Susanoo is a temperamental god, sometimes acting as a villain and sometimes as a hero. He is indiscriminatory with his soggy wrath. Everyone is identically drenched. Rich and poor, foreigner and Japanese are treated as equals by the downpour. My light brown hair and height still stand out and all the conversation I can make is to proclaim ame (rain in Japanese), but here, seeking shelter from a god under a five hundred year old canopy, it does not matter.
There were flickers of familiarity leading up to my trip to Itsukushima. When I glanced over my host sister’s shoulder and recognize math on her summer homework. When I knew the name of an anime character on a student’s folder and was later presented with a pencil drawing of said character.
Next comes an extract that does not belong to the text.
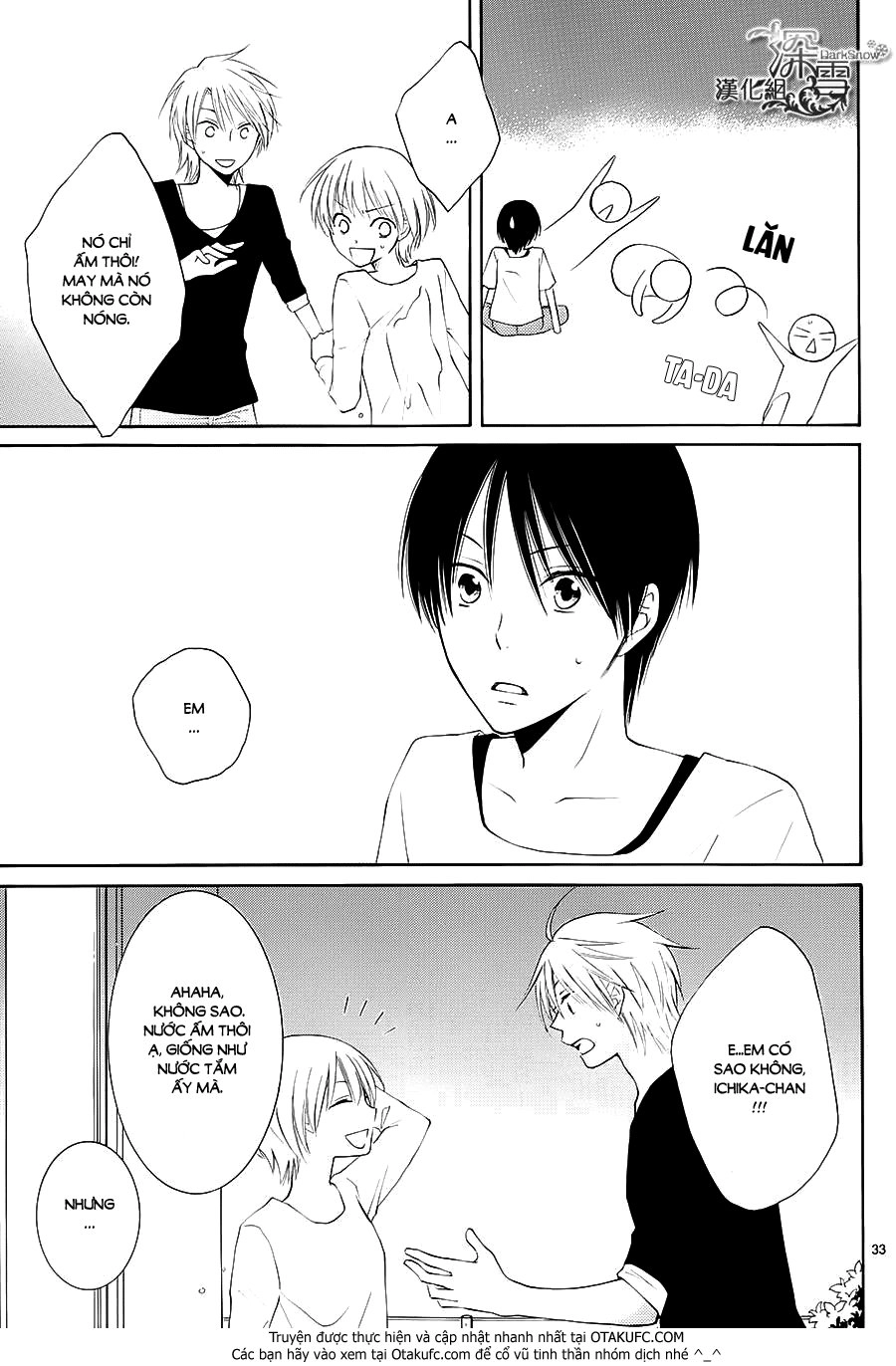 Rokka Melt - Fiance Wa Yukiotoko Chapter 4 - 33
These were fleeting moments when I forgot that the short, black haired people around me did not speak my language.
These experiences were diluted by a foggy haze not unlike the one that shrouded Itsukushima’s torii. These were split second comforts that soon faded into the discomfort I felt when I could not read street signs. The week and a half leading up to my shrine visit was not having a textbook for the English class I sat in on and realizing I had forgotten my pajamas at home in North Carolina. It was only picking out the word for snow in a five minute song. It was the shower room being locked at the complex in Tokyo I stayed in the first night and having to go to bed sweaty and then waking up in the middle of the night because of a small earthquake. It was wanting to yell “I am not an ignorant tourist, I am staying here for four weeks!” every time I got a sideway glance on public trains.
The week and a half before Itsukushima I was drowning in my American-ness. I was distracted by everyone-around-me’s Japanese-ness. I was haunted by the things I did not understand and often felt left out because I did not belong anywhere in the society. That changed as I stared out across the water at the red gate, my hair and clothes dripping on the wood floor. In the rain and fog and absence of sunlight I was struck by an idea.
Belonging is not forgetting that the people around me were Japanese. I did not have to be home to feel at home. Being comfortable in a place and with a people is to remember that embarrassment and compassion and amusement are like rain drops. Emotions soak through people’s clothes and langauge and hair color to leave them, leave us, utterly human. There is a kinship that comes with being caught in the rain.